● Records for processing:
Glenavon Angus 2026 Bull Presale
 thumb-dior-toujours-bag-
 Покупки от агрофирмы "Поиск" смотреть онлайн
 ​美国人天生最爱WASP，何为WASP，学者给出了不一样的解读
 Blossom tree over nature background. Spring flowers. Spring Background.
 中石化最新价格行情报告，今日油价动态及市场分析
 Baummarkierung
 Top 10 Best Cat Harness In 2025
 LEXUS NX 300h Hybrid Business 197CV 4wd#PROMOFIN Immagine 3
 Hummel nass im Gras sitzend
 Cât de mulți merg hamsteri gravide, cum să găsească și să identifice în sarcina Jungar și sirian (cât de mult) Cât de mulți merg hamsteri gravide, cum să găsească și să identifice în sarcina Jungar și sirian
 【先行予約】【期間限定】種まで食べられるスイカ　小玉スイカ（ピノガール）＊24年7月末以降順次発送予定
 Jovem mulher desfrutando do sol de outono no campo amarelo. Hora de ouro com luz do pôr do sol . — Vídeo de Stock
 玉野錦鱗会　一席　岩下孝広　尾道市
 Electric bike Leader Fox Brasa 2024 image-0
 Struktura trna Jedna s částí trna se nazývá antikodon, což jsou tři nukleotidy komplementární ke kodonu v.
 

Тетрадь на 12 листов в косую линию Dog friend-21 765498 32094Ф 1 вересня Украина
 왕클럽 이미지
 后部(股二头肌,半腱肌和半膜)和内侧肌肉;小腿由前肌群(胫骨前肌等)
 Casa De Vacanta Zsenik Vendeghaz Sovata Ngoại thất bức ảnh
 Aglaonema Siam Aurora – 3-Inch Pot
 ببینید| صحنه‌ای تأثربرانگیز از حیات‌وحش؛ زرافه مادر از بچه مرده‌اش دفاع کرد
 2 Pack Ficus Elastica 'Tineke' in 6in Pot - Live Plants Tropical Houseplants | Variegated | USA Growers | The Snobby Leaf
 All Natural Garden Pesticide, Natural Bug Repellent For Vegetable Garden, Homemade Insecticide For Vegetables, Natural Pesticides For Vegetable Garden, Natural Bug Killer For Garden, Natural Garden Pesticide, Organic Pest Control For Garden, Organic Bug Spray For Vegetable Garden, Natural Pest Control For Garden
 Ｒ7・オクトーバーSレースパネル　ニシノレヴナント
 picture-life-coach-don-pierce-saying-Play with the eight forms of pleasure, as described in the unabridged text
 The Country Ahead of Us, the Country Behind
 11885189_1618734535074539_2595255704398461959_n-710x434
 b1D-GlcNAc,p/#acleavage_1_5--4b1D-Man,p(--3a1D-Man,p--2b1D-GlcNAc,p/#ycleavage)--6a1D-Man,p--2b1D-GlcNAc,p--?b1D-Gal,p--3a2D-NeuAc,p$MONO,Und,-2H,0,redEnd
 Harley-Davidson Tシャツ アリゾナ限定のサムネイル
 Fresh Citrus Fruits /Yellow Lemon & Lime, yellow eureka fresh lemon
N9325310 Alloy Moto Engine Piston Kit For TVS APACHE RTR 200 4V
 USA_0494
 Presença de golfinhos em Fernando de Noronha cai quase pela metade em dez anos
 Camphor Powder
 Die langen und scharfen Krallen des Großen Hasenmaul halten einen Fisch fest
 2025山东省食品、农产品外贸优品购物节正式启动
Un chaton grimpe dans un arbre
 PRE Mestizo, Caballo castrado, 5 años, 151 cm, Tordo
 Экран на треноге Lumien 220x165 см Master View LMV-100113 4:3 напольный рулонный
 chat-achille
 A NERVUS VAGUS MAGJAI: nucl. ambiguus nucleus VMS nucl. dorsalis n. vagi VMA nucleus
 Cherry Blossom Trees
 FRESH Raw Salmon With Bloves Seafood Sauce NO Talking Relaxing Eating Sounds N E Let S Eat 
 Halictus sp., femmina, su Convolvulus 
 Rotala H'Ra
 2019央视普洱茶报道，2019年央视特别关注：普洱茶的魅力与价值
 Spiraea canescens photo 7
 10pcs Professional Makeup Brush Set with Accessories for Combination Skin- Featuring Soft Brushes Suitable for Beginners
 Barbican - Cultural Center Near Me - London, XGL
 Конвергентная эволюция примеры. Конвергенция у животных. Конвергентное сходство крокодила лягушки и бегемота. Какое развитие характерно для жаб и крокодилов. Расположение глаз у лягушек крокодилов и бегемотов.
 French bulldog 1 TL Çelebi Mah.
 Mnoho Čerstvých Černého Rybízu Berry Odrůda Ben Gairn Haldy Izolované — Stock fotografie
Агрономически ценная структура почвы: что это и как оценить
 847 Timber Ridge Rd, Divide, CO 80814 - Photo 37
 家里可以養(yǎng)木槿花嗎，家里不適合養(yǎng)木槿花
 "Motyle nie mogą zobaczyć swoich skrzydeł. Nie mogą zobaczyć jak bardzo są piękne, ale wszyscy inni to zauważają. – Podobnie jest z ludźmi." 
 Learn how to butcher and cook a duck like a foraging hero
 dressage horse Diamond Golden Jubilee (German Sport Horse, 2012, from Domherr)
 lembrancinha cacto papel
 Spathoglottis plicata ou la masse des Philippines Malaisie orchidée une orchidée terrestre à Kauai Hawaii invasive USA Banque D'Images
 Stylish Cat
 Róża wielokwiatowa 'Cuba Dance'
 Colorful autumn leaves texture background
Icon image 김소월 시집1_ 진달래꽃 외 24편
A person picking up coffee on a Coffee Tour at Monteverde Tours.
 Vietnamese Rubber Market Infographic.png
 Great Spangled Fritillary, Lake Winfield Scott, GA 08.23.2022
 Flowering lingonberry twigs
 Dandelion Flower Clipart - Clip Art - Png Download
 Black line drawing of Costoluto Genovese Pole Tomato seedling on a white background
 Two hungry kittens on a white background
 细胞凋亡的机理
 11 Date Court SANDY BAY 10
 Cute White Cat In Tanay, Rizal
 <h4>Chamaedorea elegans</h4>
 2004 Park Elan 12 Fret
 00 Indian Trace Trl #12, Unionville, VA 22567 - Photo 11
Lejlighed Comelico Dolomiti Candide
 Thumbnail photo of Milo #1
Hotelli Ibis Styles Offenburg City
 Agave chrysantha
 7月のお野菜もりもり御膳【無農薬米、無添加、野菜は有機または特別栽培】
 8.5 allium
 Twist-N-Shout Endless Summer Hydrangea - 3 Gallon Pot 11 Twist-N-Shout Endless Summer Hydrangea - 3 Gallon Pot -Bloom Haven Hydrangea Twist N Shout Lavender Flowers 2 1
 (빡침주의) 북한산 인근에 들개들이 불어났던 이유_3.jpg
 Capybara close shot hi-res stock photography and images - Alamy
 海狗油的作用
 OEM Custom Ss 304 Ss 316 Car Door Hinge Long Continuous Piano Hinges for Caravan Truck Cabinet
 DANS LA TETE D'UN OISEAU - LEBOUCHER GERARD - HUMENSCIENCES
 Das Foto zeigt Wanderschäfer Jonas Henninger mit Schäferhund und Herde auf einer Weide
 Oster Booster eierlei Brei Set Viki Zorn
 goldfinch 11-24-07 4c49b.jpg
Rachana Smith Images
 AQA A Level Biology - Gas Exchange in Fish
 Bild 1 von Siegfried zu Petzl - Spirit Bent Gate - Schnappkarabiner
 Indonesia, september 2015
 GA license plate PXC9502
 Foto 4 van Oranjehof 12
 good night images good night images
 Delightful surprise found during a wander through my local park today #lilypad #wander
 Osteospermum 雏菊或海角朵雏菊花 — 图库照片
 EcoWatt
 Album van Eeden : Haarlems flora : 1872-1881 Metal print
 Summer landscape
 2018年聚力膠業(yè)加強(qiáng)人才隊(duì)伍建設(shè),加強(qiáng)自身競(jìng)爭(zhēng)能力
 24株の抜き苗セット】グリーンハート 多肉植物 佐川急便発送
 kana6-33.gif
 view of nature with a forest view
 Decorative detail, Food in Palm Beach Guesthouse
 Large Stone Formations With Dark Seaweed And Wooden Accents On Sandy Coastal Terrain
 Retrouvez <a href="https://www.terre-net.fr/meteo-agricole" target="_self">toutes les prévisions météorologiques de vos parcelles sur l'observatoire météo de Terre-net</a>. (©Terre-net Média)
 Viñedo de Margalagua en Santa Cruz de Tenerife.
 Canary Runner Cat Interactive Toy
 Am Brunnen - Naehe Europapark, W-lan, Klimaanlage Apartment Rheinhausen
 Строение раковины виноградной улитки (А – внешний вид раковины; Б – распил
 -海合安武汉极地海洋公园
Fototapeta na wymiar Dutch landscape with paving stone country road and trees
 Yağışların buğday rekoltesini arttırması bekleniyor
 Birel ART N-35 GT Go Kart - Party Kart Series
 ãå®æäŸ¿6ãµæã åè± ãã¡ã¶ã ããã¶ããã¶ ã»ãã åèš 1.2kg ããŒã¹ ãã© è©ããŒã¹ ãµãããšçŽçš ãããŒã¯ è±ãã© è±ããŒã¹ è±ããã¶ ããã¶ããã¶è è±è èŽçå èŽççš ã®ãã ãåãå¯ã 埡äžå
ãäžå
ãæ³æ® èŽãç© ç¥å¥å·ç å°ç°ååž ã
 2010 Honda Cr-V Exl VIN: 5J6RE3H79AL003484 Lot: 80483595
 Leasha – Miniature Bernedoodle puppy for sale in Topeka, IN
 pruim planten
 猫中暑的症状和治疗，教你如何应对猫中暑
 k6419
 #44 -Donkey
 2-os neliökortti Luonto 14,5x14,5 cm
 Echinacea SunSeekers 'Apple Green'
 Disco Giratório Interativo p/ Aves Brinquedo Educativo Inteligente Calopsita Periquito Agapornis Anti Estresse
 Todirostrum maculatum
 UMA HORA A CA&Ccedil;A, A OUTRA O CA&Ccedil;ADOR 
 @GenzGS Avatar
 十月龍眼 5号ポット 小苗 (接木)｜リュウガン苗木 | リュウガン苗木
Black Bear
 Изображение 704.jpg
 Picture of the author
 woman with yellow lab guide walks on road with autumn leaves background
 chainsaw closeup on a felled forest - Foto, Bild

● Assigned task: Check each line of the listing above. Copy the ones with the word "nature".

● Completed task:
 Blossom tree over nature background. Spring flowers. Spring Background.
 view of nature with a forest view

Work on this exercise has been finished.